At the same time the book has put a bit of calmness in me while reading stories of so-called AI products and software, where now I know at least the fundamentals and how hard they really are to put to use. All those abstractions resemble to me how the inner workings of a rdbms, and I know that for rdbms' that those are a career path in its own. Hence I am also starting to believe that at this stage, transformers has a long and steep learning curve for really putting them to use, and must not change its underlyings so much that it becomes difficult to follow over time.
I liked the book, it introduced me to a lot of things that is out of my daily work and I will definitly glimpse through the fundamentals many times again.
Accessibly written, with useful code examples and lots of directly actionable information on how to use HuggingFace tools. The chapters on making models efficient for production and on dealing with situations in which few labels are available are especially illuminating. It seems as if HuggingFace has developed a number of useful abstraction layers to make ML engineers more productive, especially around storing and accessing both models and data in a straightforward manner. Training your own neural network and deploying it has never been as easy as today and this book is a useful introduction to the ecosystem. The authors state that as of writing, 20,000 models had been shared on the model hub, but by the time I checked, the number was already 10 times as high. The explanations of model architectures and some technical details such as self-attention are also well-written, though of course given the current pace of technological change, are sure to be in need of another revision in only a couple years.
This book does a good job at introducing and explaining concepts of transformers. I especially like the Named Entity Recognition section, which also goes explains how to do model debugging.
I wish that this book focused a bit more on the huggingface ecosystem rather than only on the transformers part. When you would be tackling your custom problem, you will often have to deal with hugging face tokenisers and datasets. In my opinion they are vital to solving a NLP problem using hugging face and this book sadly does not give them enough attention.

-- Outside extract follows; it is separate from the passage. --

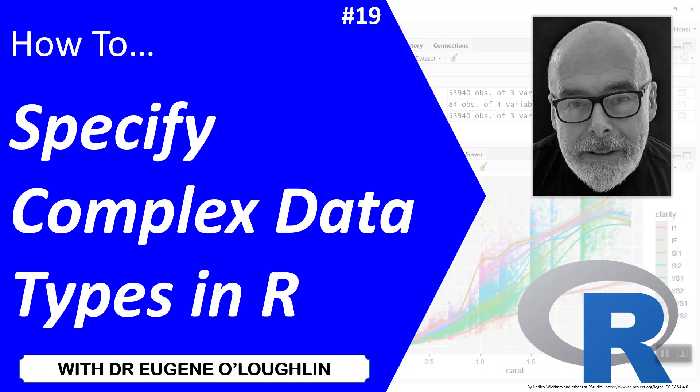Hi everybody, this is Eugene O'Loughlin and welcome to my series of short how-to videos. In this video we're going to learn how to specify complex data types in R.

Overall I did very much enjoy this book, however I am still sitting a bit with hunger w.r.t. solving real-world problems using hugging face.
Very good overview about capabilities of transformer architecture. Great examples. However more complicated math topics are glossed over in a very unelegant way. Math typograhpy is really bad. Some of the examples are really contrived.
Really nice overview of all things Transformers. Sometimes very vendor-centric but they tried their best to be as neural and inclusive as possible. One complaint I have is that it kinda starts midway without any context about Transformers but maybe that’s fine given the target audience of the book.
a lot of code and technical details. I read haft of the book and scanned through the other half. I wish there were more details and architecture design choices instead. Nevertheless, every well-written book.
A highly recommended book for anyone looking to understand how Transformer architecture works, combining theoretical concepts with practical code examples to ensure a thorough grasp of these models.
I’m impressed by how clearly the author explains the architectures and their applications. The clarity definitely makes complex concepts approachable to both technical and non-technical people.